Es obvio que una cosa no guarda relación lógica ni causal con la otra, pero en una sociedad prejuiciosa, atávica y manipulable eso no se comprende tan fácilmente. Tal condicionamiento ha sustraído a mucha gente de la participación ciudadana. Pero también ha sido un escudo usado por cierto moralismo ideológico muy dado a descalificar a personas a favor de esta causa por no llevar el tinte de sus patrones morales. Confinar este esfuerzo social a una batalla de honores es necio y retorcido. Nadie podría, en buena lid, acusar a nadie ni reclamar derechos, porque como dijo Jesús: “el que esté libre de pecado que lance la primera piedra”

Cada vez que alguien antepone juicios puritanos de exclusión suelo relatarle la siguiente analogía: Si asumimos esto como una contienda válida de los buenos contra los malos, entonces ¿debería el dueño de un negocio que acepta su infidelidad conyugal perder el derecho de reclamar a quien lo administra fraudulentamente? O si sorprende a un ladrón en su habitación robando prendas ¿debería, en justa conciencia moral, dejar que se las lleve porque tampoco él, por mirar con lujuria a la mujer del vecino, tiene méritos morales para reprocharle? Con esto no valido el uso político del discurso anticorrupción ni la opinión de personas que han tenido deudas judiciales o desempeños públicos dudosos en la gestión de fondos públicos, obvio por un tema de conflicto de intereses, una noción poco entendida en esta sociedad de legalizadas dobleces.

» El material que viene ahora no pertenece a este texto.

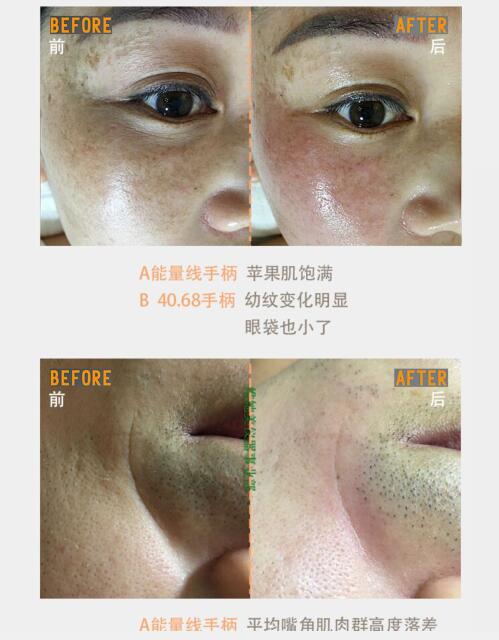 以色列維美肌paa抗衰機器人熱拉提瑪吉美容面部抗衰儀器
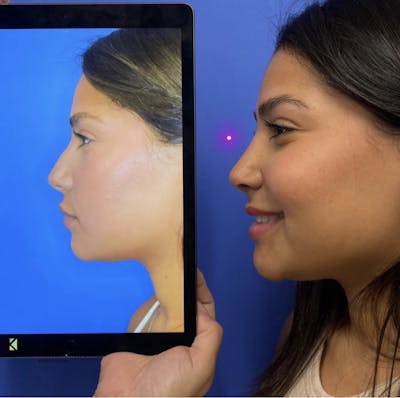 Rhinoplasty Before & After Gallery - Patient 173458 - Image 1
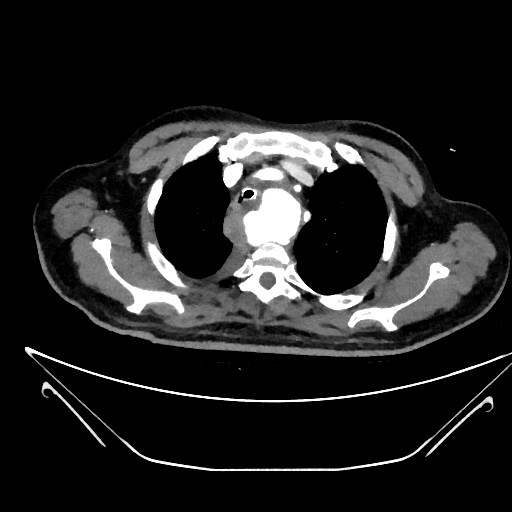 File:Aortic arch aneurysm (Radiopaedia 84109-99365 C 41).jpg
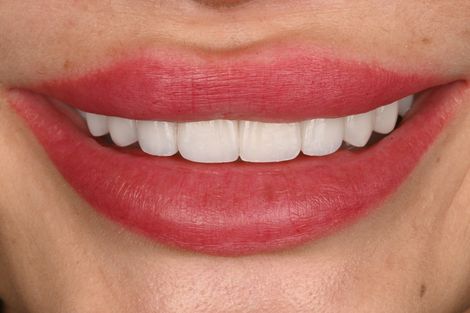 Porcelain veneer case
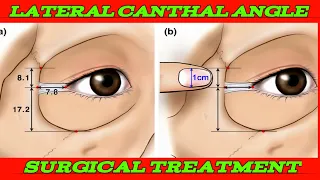 How to Reformation of the Lateral Canthal Angle #ocns #aao #ophthalmology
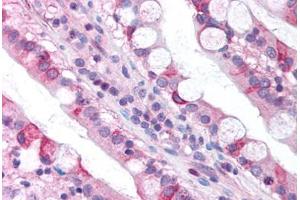 Human Small Intestine (formalin-fixed, paraffin-embedded) stained with CLDN18 antibody ABIN214745 at 5 ug/ml followed by biotinylated goat anti-rabbit IgG secondary antibody ABIN481713, alkaline phosphatase-streptavidin and chromogen. (Claudin 18 antibody  (C-Term))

Esto es simple: en un estado funcional de derecho, quien administra la cosa pública es sujeto de un régimen de lealtad, transparencia y rendición de cuentas tasado y normado por leyes. Violarlo acarrea consecuencias. Es socialmente irresponsable no exigir el cumplimento de las sanciones que prevé la ley por una razón básica: los bienes y fondos públicos que administra son de todos. Reclamar a la autoridad pública aplicar las consecuencias en contra de ese funcionario no es una acción política, religiosa ni moral, es un acto de ciudadanía responsable… y punto. Exigirle a los gobernantes sujeción a la ley no debiera convertir a quien lo hace en un paladín —para los ciudadanos— ni en un agitador —para los que gobiernan—.

No me gusta escribir en primera persona, pero el tema me obliga de forma imperativa. Algunas personas se me acercan para hacerme saber su agrado por mi estilo de escribir. Esta intención se enrarece cuando me dicen: “el país necesita gente como usted con moral suficiente para decir las cosas”; les respondo en el acto y les digo: “el país necesita gente como nosotros con menos moral para hacer las cosas”.

Es insólito pensar que reclamar derechos en estos tiempos de racionalidad sea visto como una proeza moral que convierta en “presidenciable” a quien lo haga. Ese hecho retrata en alta definición los niveles de insolvencia institucional que vivimos. Es en esa torcida lógica que la clase política y los gobiernos apelan a ese argumento para responderle  “políticamente” a quienes cuestionan el estado de impunidad que domina la vida pública. La intolerancia oficial ha llegado a límites reprochables, como violentar la vida privada de los ciudadanos que participan en estas contestaciones con propósitos disuasivos, represivos  y chantajistas.  

En este país la vida está invertida: los políticos, que en teoría son nuestros representantes, han devenido en sujetos de los que hay que defenderse; el Estado, que debiera ser un garante neutral, se ha declarado cómplice por omisión de sus abusos. ¡Qué suerte!